Luxury Chinese Rabbits

Written by Zennon Kapron || February 08 2011

China, for once, is relatively quiet – well in certain respects. Today, we’re nearly mid-way through the two week celebration of Chinese New Year as we move into the year of the rabbit. The streets for the past week have been somewhat quiet and offices were closed as millions of Chinese returned to their hometowns to celebrate the lunar calendar new year.

Although the days have been relatively quiet, the evenings have been roughly punctuated by the noisiest of the Chinese inventions: fireworks. Throughout the day, there are firecrackers being lit on small streets or in the outside common areas of apartment flats and then from about 9pm in the evening until 1am, there is an incessant cacophony of snaps, crackles, and pops.

The fireworks, beyond their basic entertainment value to those lighting them (and annoyance to everyone else around them), serve a spiritual purpose.
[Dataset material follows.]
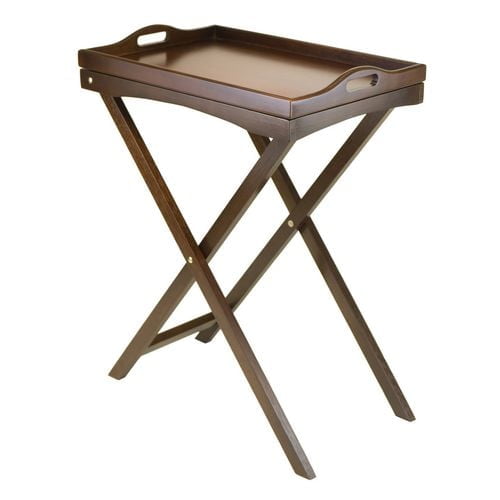 Table Télé Devon Butler avec Plateau de Service en Fini Noyer, Comprenant un Plateau Amovible avec Poignées Découpées et un Support Pliant avec Pieds Croisés pour un Rangement compact, Fabriquée en Bois Massif et composite Sans Assemblage Requis, Idéale pour un Service Supplémentaire sur le Côté de la Table Ou sur le Côté d'Une Chaise.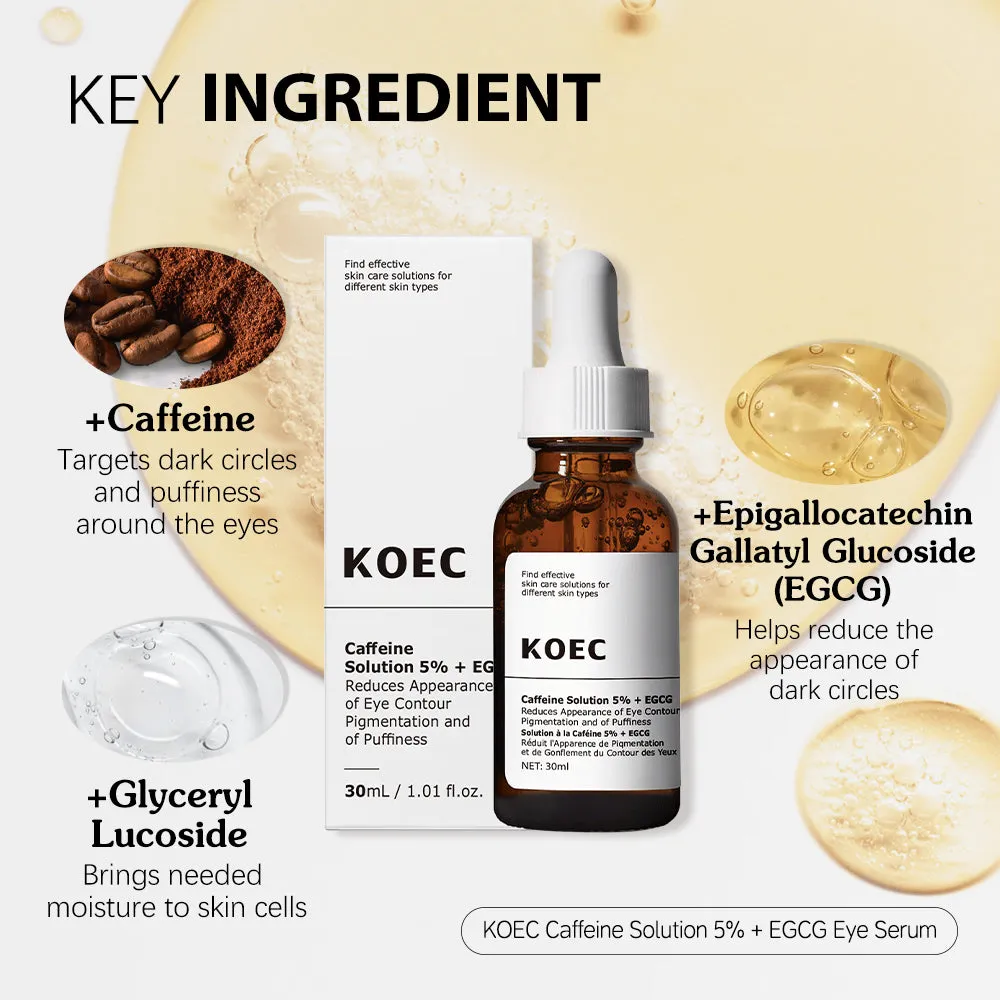 KOEC Caffeine Solution 5% øjenserum EGCG mod poser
First and foremost, they have traditionally been used to keep away spirits, but on the 5th day of the Chinese New Year, they actually serve to attract a spirit called Guan Yu. Guan Yu is also known as the Chinese god of war and considered the greatest general in Chinese history. During his career, he is told to have one over 100 battles and because of this admirable record, is also known as the God of Success or the God of Wealth. This holds special symbolism to Chinese businesses who, on the 13th day, will pay homage to Guan Yu to bring the companies and employees success and wealth in the new year.

Guan Yu has been listening – the wealth is coming. A recent report from CLSA Asia-Pacific Markets states that China will be the world’s largest market for luxury goods by 2020. Living in Shanghai, perhaps the wealthiest city in China, it’s obvious that the rich are getting richer. While still a far cry from the car shows that you see in some of London’s more upscale areas, Bentleys, Rolls Royce and Porsche’s are common on the streets today. The cars outside though are only part of the story, the real story is inside.

Across the city, incredibly upscale shopping malls have sprung up. Packed with marble flooring and amazing fixtures, Cartier is likely the lowest end of stores you will see in some of these malls where a Patek watch store selling a limited edition $100,000 watch sits next to a Burberry with a kid’s section. The more amazing thing about these shopping centers is not the fact that they are there – they wouldn’t be out of place in any major city, but the fact that they are crowded with consumers that, instead of just looking, like they would have five years ago, are opening up their wallets and buying. The ‘build it and they will come’ strategy doesn’t always work, but in this case it seems to.

Fundamentally, the upper-end Chinese consumer is getting rich and starting to show their wealth through luxury goods. The CLSA report estimates that by the end of 2019, the Chinese will account for 20% or about US$100 billion of the global luxury market – eclipsing the approximately US$70 billion that the US, the luxury leaders, spent last year. Hand in hand with the wealthier consumer is the development of the private wealth industry to support them.

For many years, due to cultural considerations, fear of losing money and a number of other reasons, the wealthy Chinese were uncomfortable with the notion of private banking. Most managed their money themselves or relied on close friends or acquaintances to manage it for them. Only now are we finally starting to see wealth management grow in China. In fact, in our top-10 trends for 2011 report, we noted that online banking will be a key trend for 2011, and more specifically online banking wealth management services - more and more domestic banks are now offering high-net worth and private banking services online.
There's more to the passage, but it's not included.